The other carriers at Dulles voted to install carry-on baggage
templates on the X-ray machines at a shared concourse. Continental
says it bought bigger overhead bins for its planes, and it accuses
the other airlines of conspiring to prevent it from capitalizing on
its investment in customer service.
That may be a valid claim, but there is another issue here:
cowardice.
The X-ray checkpoint is not the place for the airlines to
enforce their baggage policies. Security screeners are not customer
service agents. They are not even airline employees.

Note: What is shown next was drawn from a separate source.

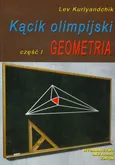 Kącik olimpijski Część 1 Geometria - Lev Kurlyandchik
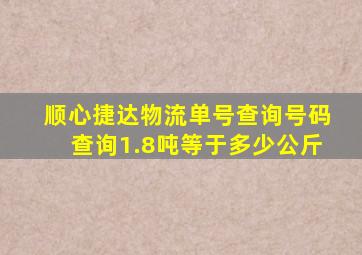 顺心捷达物流单号查询号码查询1.8吨等于多少公斤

If the airlines want to be strict about carry-on baggage, they
should have the guts to say "No" to our faces. Hiding behind
underpaid security workers is bad form, a customer service cop-out
for which the pusillanimous airlines deserve to be sued.
• • •
Pause
Statistics about the on-line world flash by at a pace that
defies analysis. Just when we stop to absorb the news that on-line
travel sales topped $500 million in January, we learn that the
number may reach $11 billion for the year and could double in three
years. Whoosh.
Now comes a report from Media Metrix in Seattle about the Web as
an advertising medium that contains a few statistics to pause over:
Travel accounts for only 3% of Web advertising. Travel agents and
other intermediaries account for 87% of Web travel advertising.
Suppliers account for a mere 13%. Of all Web users, 61% do not
visit travel sites at all. Whoosh.
Frankly, we don't know what to make of all that. We haven't had
time to stop and think about it, but we're pretty certain that
somebody should, before everything doubles.